Spradlin also argues that the trial court did not make a finding of whether his use of force was reasonable. Spradlin is incorrect in assuming that the trial court was required to make such a finding. He failed to convince the trial court that he reasonably believed that amount of force he used was necessary to terminate Irvine’s allegedly unlawful entry. The court stated:
Well, now I have to state this case comes down to the credibility of the witnesses, and what makes sense. It makes sense that if someone comes to your door they’re going to knock on your door to tell you that they have a problem. It doesn’t make sense that a person is just going to come over to your house and just open your door at night, and stick their head in and start yelling at you. That doesn’t make sense to me especially if someone has already gone and complained to the landlord that this is a problem. [F]rom the evidence I heard . . . this light went out again and Mr. Irvine decided . . . to go walk around and say, look, you have to stop turning this light out . . . The defendant said some words back, and then just hauled off and hit him in face . . . then the defendant left. [T]he police were called, and later the defendant comes back and the alleged victim calls the police again, and that’s how the police come to arrest the defendant. That makes sense. What doesn’t make sense is that [Irvine] just stuck his head in; blew the door open, and there he stood with his head in the door. [Spradlin] tells him to leave twice, and [Irvine] doesn’t; and so [Spradlin] gets out of bed and hits him. I think that story makes sense if you thought about it, and then you decide that’s the story I’m going to tell. So part of this . . . defense is that . . . the court has to find that’s what [happened]. I don’t believe that’s what happened. I believe that Mr. Irvine came over, knocked on the door, and the defendant punched him in the face and then left; then fled. And then came back about an hour or so later when everything cooled down for him to call the police again. That’s what I think happened. That’s what I believe happened. That’s the story that makes sense to me. So I find that the State has met its burden beyond a reasonable doubt and I find the defendant guilty of count 1.

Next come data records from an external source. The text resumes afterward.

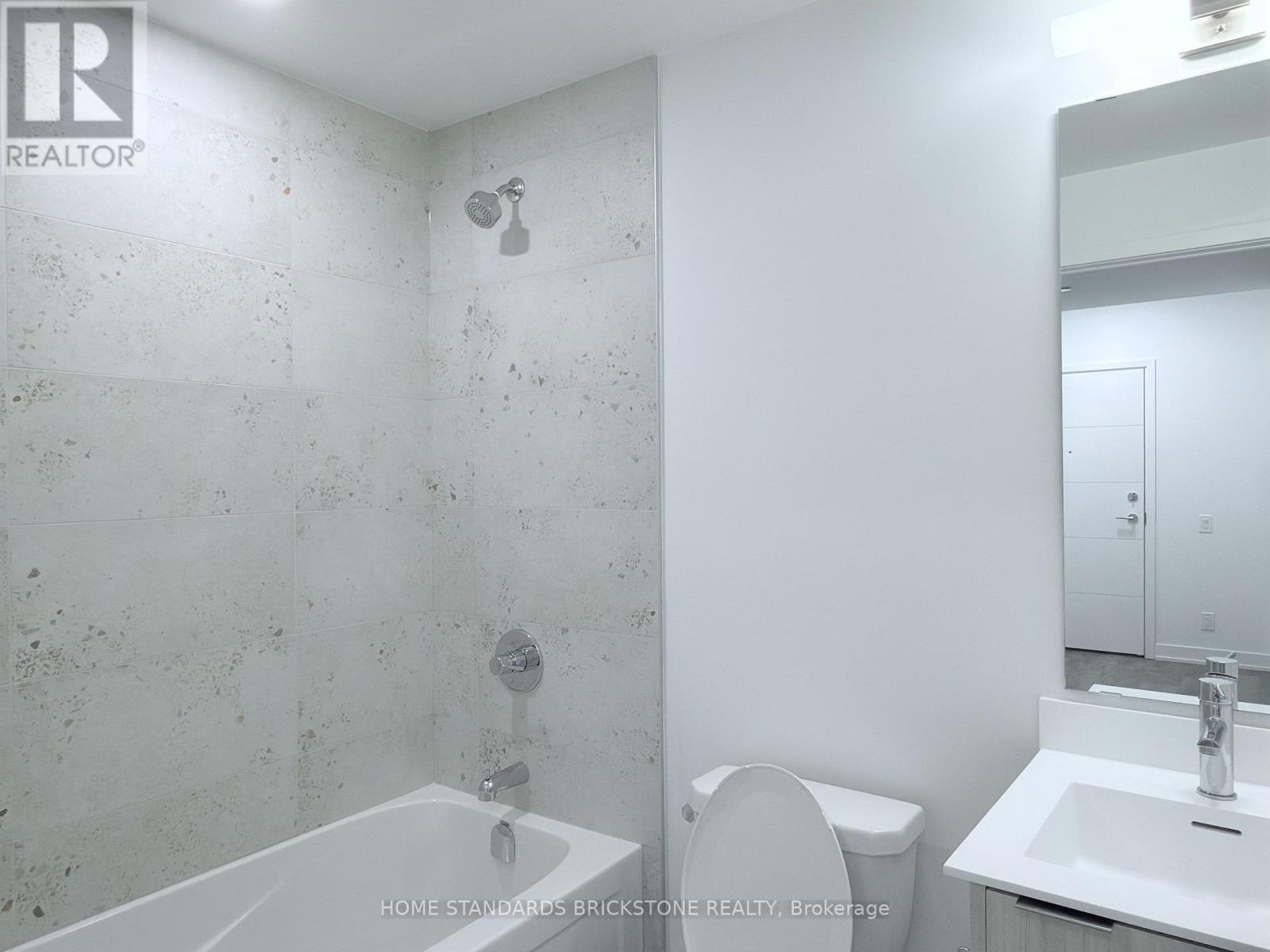 702 - 20 Deans Drive, Toronto, Ontario M1L 0J7 - Photo 2 - E13581274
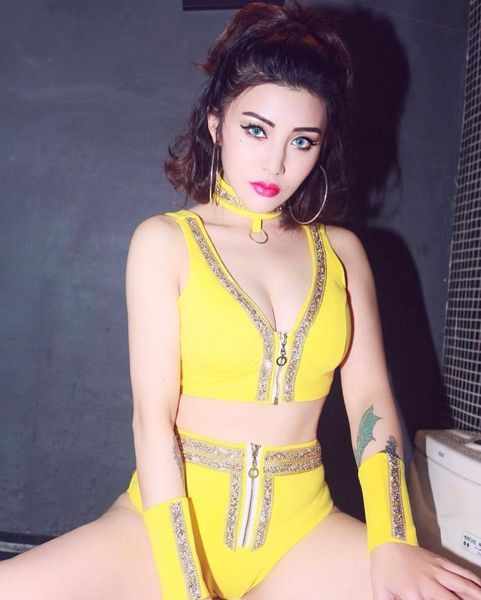 leading dancer dj stage outfits bar nightclub female dance team jazz costume sparkly crystals yellow bikini 4-pieces set, Black;red
leading dancer dj stage outfits bar nightclub female dance team jazz costume sparkly crystals yellow bikini 4-pieces set, Black;red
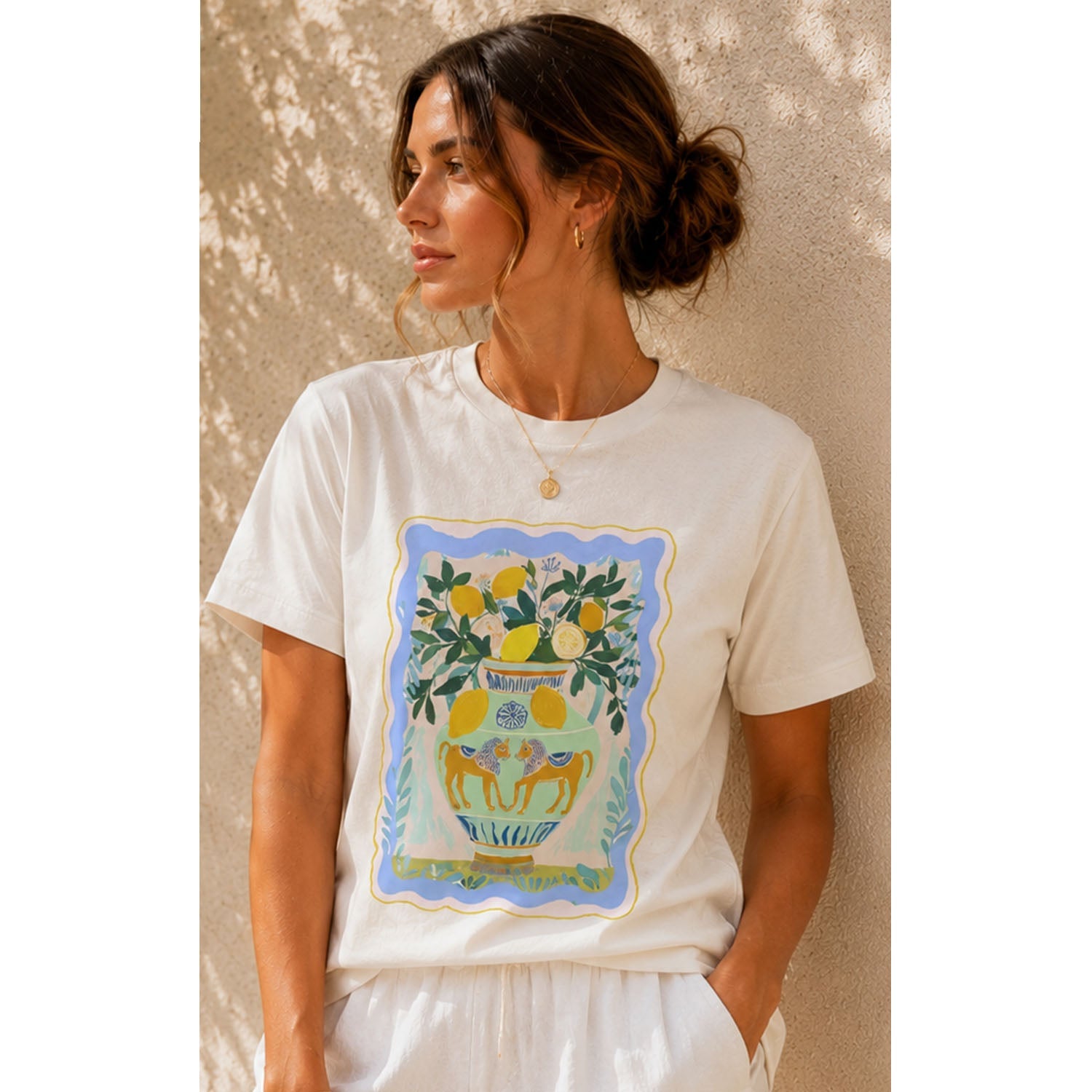 TShirt - Vase Lions & Lemons - White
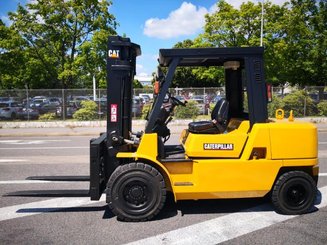 Четырехопорные погрузчики Caterpillar DP50K - 2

Id. at 45-47. As mentioned earlier, the trial court is required to look at the situation from the defendant’s point of view but it is not required to believe his story Therefore, we find that the trial court did not err.
To the extent Spradlin challenges the sufficiency of the evidence used to disprove his defense of property claim, his argument is merely an invitation to reweigh evidence and reassess witness credibility, which we may not do. Accordingly, we affirm.
ROBB, C.J., and NAJAM, J., concur.
1. While Hanic did state that in several respects the defense of property is analogous to defense of oneself or another person, it does not stand for the proposition that both defenses have the same elements and involve the same considerations. Compare Morrell v. State, 933 N.E.2d 484, 491 (Ind. Ct. App. 2010) (stating that defendant in a self-defense case must show (1) that he was in a place where he had a right to be, (2) that he did not provoke, instigate, or participate willingly in the violence, and (3) that he had reasonable fear of death or great bodily harm), with Nantz v. State, 740 N.E.2d 1276, 1280 (Ind. Ct. App. 2001) (stating that defendant in a defense of property case “was required to prove that he used reasonable force to prevent or terminate a trespass or to defend his property or his family’s property, or property he was authorized to protect.”).